Die symmetrischen Kompositionen der Farbflächen, die das Holz wie ein luzider Lackfilm umschließen, öffnen dabei den Blick in einen Bildraum, der durchzogen ist von sanften Schlieren und kaum wahrnehmbaren Verunreinigungen. Hier hat sich die Malerei selbst zum Thema. Die nüchternen Vierkantformen der Objekte repräsentieren in ihrer Dinghaftigkeit dagegen allenfalls noch den Minimalkonsens, dass jede Malerei die plastische Form als Träger benötigt.

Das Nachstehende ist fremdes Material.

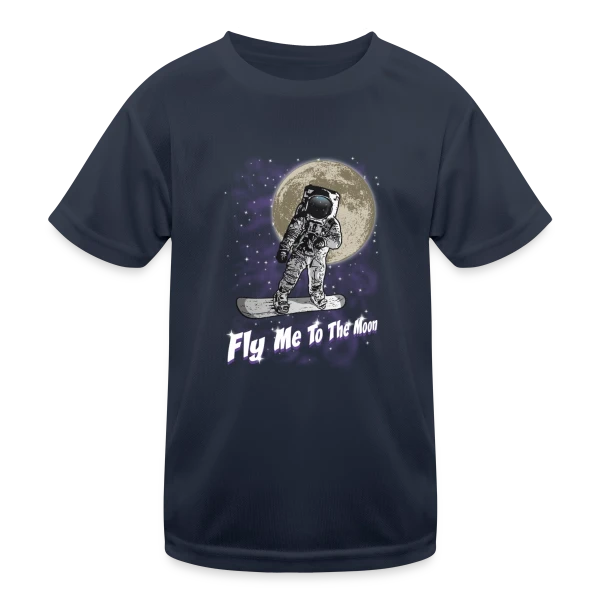 Snowboarder lunaire sur T-shirt sport Enfant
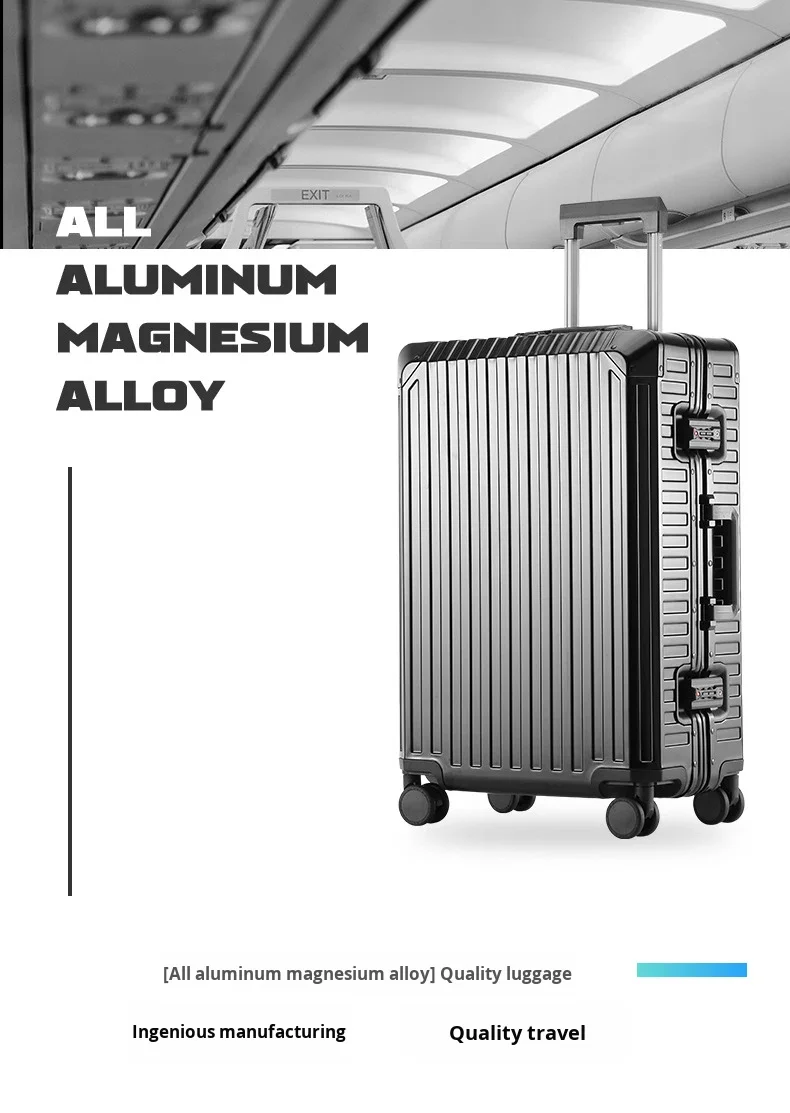 20-28 Inch Full Aluminum Suitcase Luxury Classic Business Travel Carry-On Suitcase Durable Zipperless Metal Luggage TSA Lock details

In einer weiteren Serie dieser Werkgruppe entwickelt Holder aus dem Binnenkontrast, mit dem seine Hard Egde-Malerei operiert, eine bildhauerische Rhetorik, die man im Umkehrschluss als „Soft Edge“ bezeichnen könnte. Die mit nüchternen Seriennummern betitelten Arbeiten bestehen aus je zwei monochrom lackierten Vierkantobjekten meist unterschiedlicher Länge und Stärke, die Holder an der Wand zu parallel über- oder nebeneinander hängenden Balkenpaaren anordnet. Die Farbflächen treffen hier nicht mehr in der Bildfläche aufeinander, sondern in einer unscharfen Schattenzone, die vom Raum zwischen den Objekten definiert wird. In Analogie zu den Farbnähten der einteiligen Colourfield-Objekte bildet diese schmale, präzise austarierte Fuge das eigentliche Kraftzentrum seiner zweiteiligen Arbeiten. So sehr sich diese Grenze der unmittelbaren Sichtbarkeit entzieht, so intensiv bündelt sich in ihr die Spannung zwischen den paarweise arrangierten Volumen und ihren farblich kontrastierenden Oberflächen. Die Objekte scheinen übereinander zu schwimmen, in Position gehalten allein durch die konzentrierte Energie der Wechselbeziehung, die ihren Höhepunkt im Moment der Annäherung zweier Körper erreicht, bevor sie sich berühren. In ihrer prekären Balance zwischen Bild und Objekt werden sie so auf bezwingende Weise zu Modellformen eines Problems, für das es keine gültige Lösung gibt: das eine kann immer auch das andere sein.